**What to produce**
In the records below, find the line with "Maserati 250 F s/n 2530 engine", then retype it and every following line exactly, stopping after the line with "港区浜松町１丁目の賃貸マンションのキッチン". Leave the pictures out.

+++ Working data +++

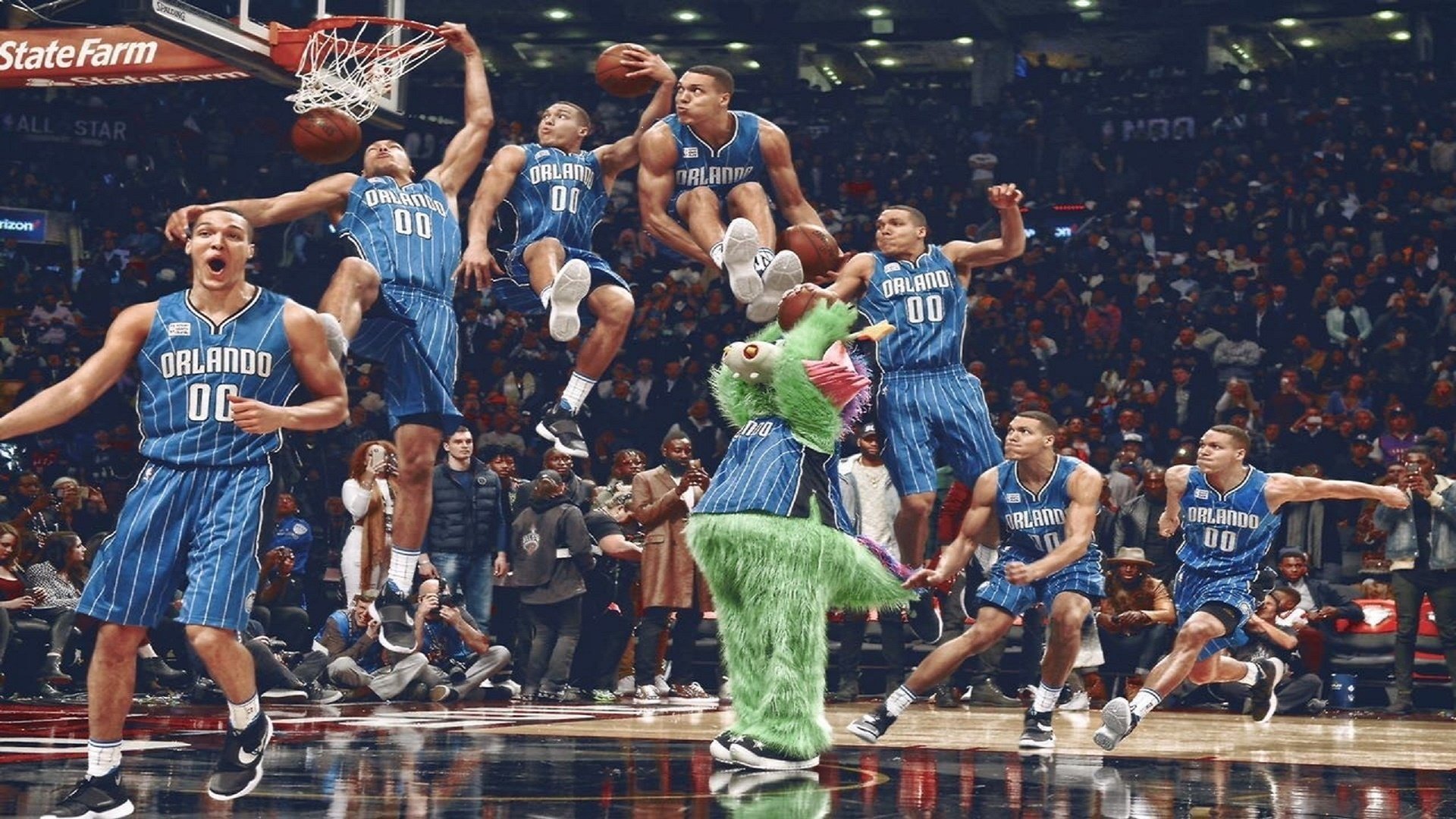 _掘金连续多场获胜，士气高涨_，掘金集锦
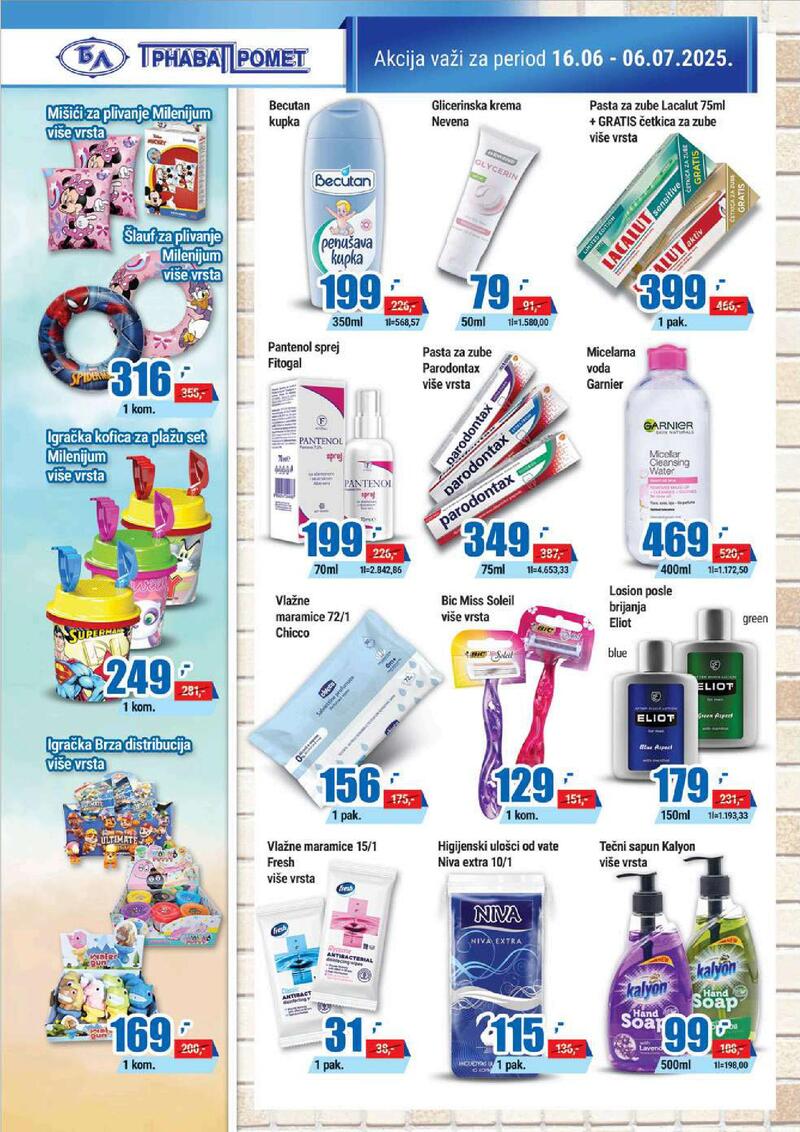 Trnava Promet katalog akcija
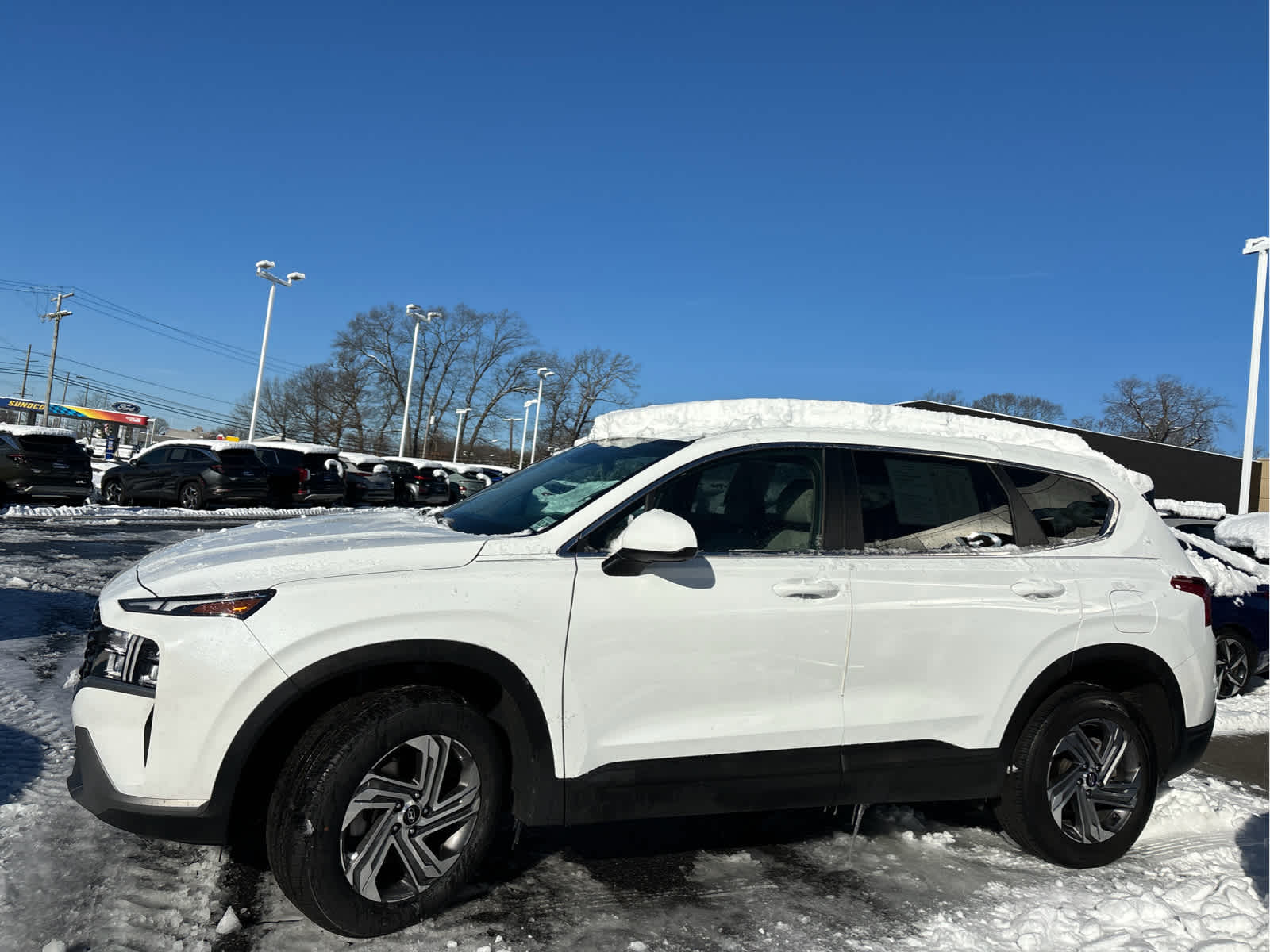 2023 Hyundai SANTA FE SE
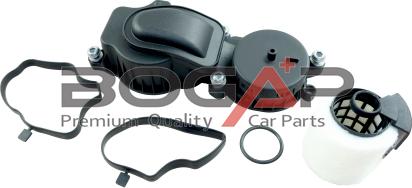 BOGAP B1211102 - Клапан, відведення повітря з картера autozip.com.ua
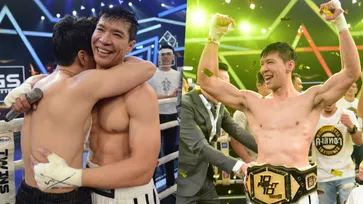 "หนุ่ม คงกระพัน" ชนะคะแนน "กำปั้น บาซู" หมัดรุ่นเก๋าซัดแหลกบนสังเวียน 10 Fight 10 ซีซั่น 2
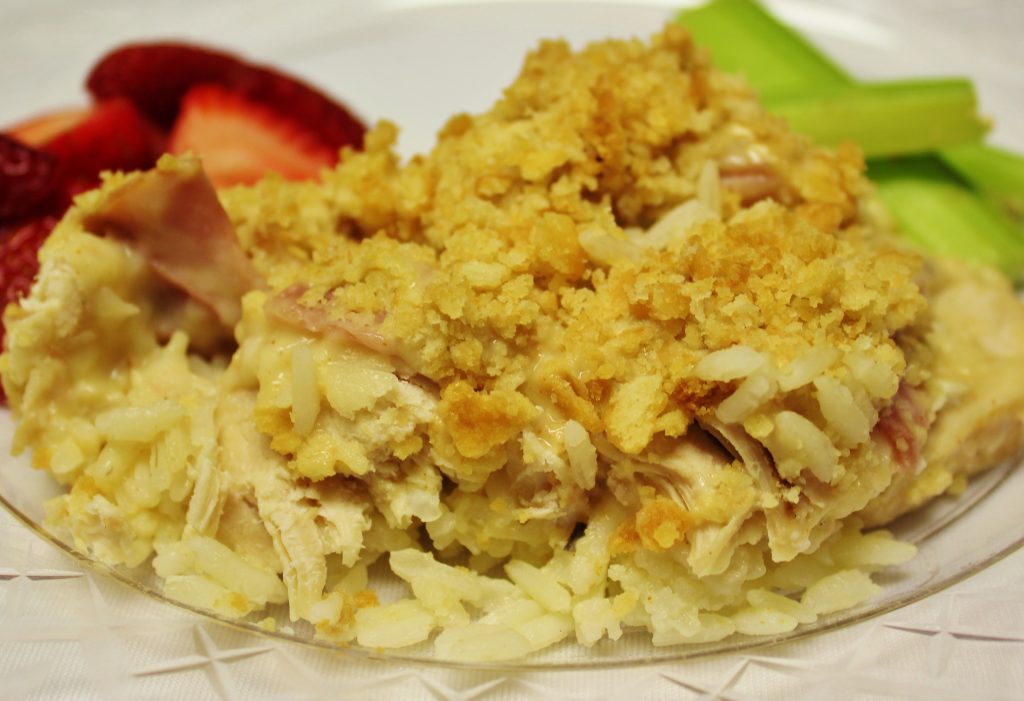 Chicken Cordon Bleu Casserole
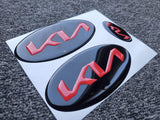 Kia 3D Gel Badges - All Models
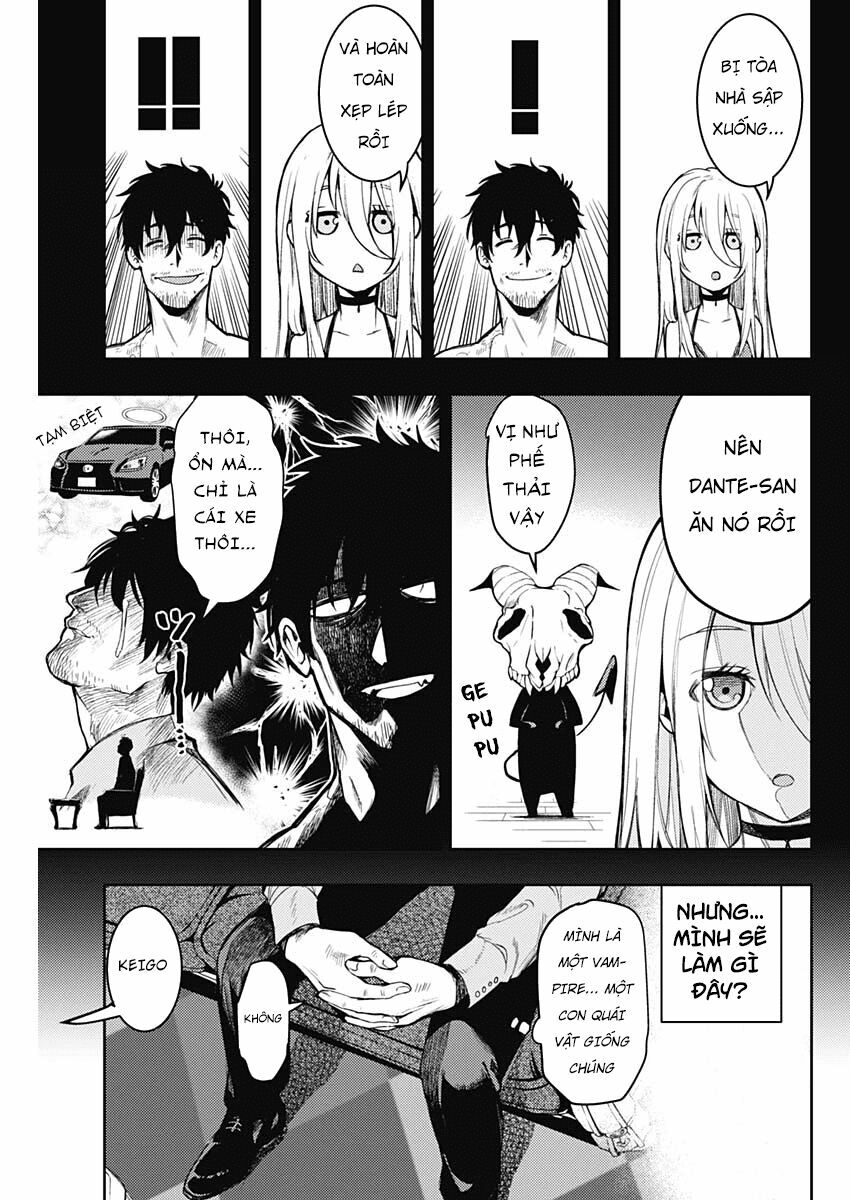 MOMO: The Blood Taker: Chapter 4
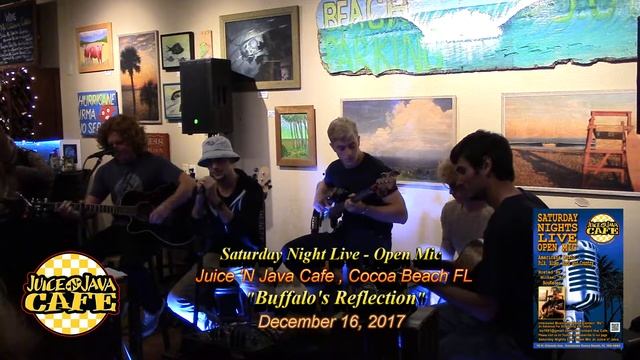 Buffalo's Reflection @ Juice 'N Java Open Mic 12.16.17 смотреть онлайн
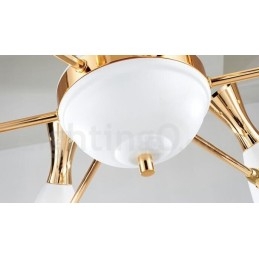 Lampadario moderno contemporaneo a 8 luci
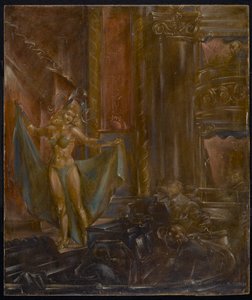 Burlesque by Reginald Marsh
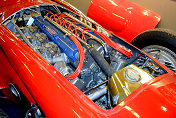 Maserati 250 F s/n 2530 engine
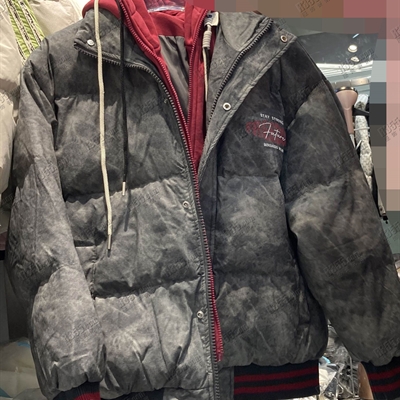 市场上装-棉衣/羽绒服-休闲棉服【实拍】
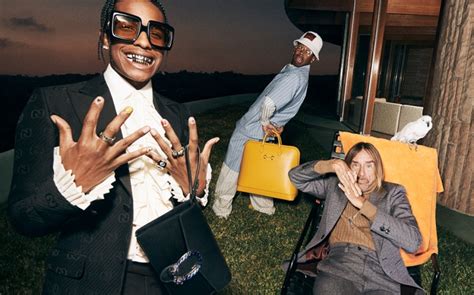 Tyler The Creator Iggy Pop And Asap Rocky Star In New Gucci Campaign Footwear News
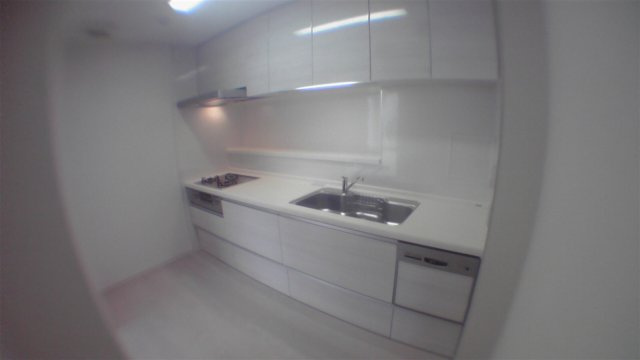 港区浜松町１丁目の賃貸マンションのキッチン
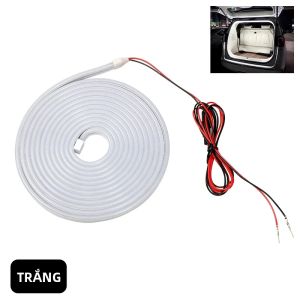 Dải Đèn LED 4m Cho Cốp Xe Ô Tô Dẻo Dai Chống Nước Cảm Biến Tự Động Đèn Trang Trí Viền Cốp Dùng Chung Cho Nhiều Loại Xe 12V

+++

**Task answer**
 Maserati 250 F s/n 2530 engine
 市场上装-棉衣/羽绒服-休闲棉服【实拍】
 Tyler The Creator Iggy Pop And Asap Rocky Star In New Gucci Campaign Footwear News
 港区浜松町１丁目の賃貸マンションのキッチン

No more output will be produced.